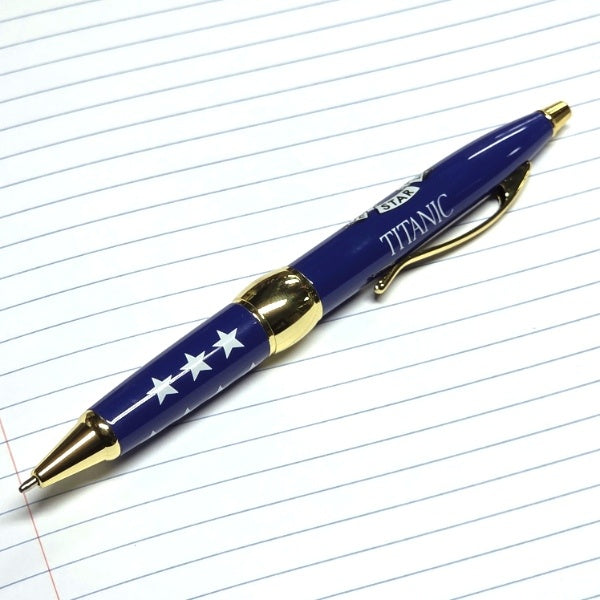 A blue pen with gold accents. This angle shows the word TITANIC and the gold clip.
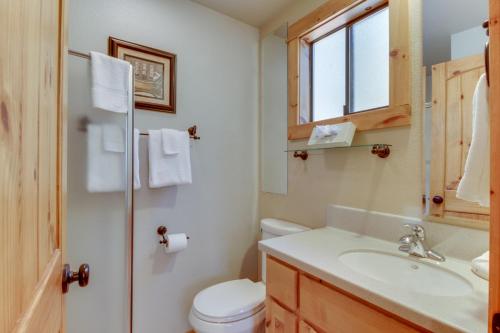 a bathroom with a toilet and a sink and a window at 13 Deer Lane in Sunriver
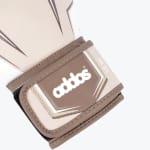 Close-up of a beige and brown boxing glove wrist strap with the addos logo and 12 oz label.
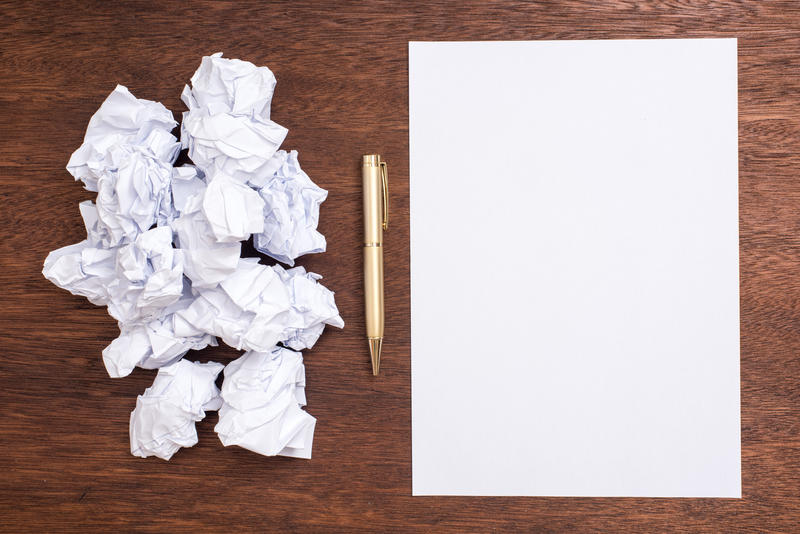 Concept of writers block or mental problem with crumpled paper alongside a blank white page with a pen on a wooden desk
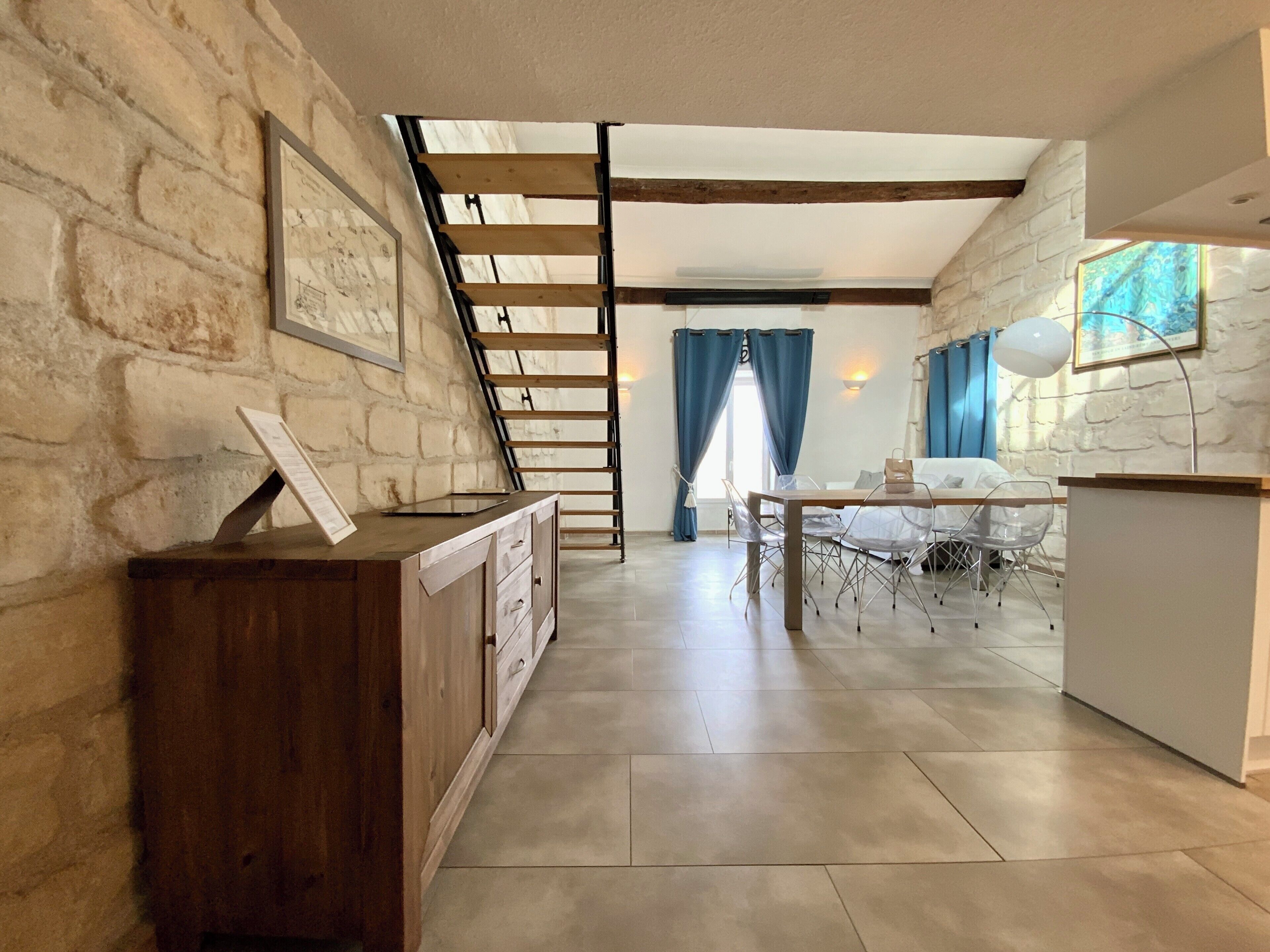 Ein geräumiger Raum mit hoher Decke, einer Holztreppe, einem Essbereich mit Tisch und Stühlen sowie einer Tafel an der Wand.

* * *

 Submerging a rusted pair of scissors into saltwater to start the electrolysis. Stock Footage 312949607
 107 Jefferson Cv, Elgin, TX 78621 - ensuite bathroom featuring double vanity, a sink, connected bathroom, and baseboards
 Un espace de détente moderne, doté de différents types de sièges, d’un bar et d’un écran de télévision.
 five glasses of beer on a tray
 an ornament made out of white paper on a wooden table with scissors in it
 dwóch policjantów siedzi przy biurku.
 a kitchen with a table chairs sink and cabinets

- **Work to complete**
Your answer should consist solely of the lines above from the line with "dwóch policjantów siedzi przy biurku." to the line with "a kitchen with", both included, reproduced exactly.

- **Task answer**
 dwóch policjantów siedzi przy biurku.
 a kitchen with a table chairs sink and cabinets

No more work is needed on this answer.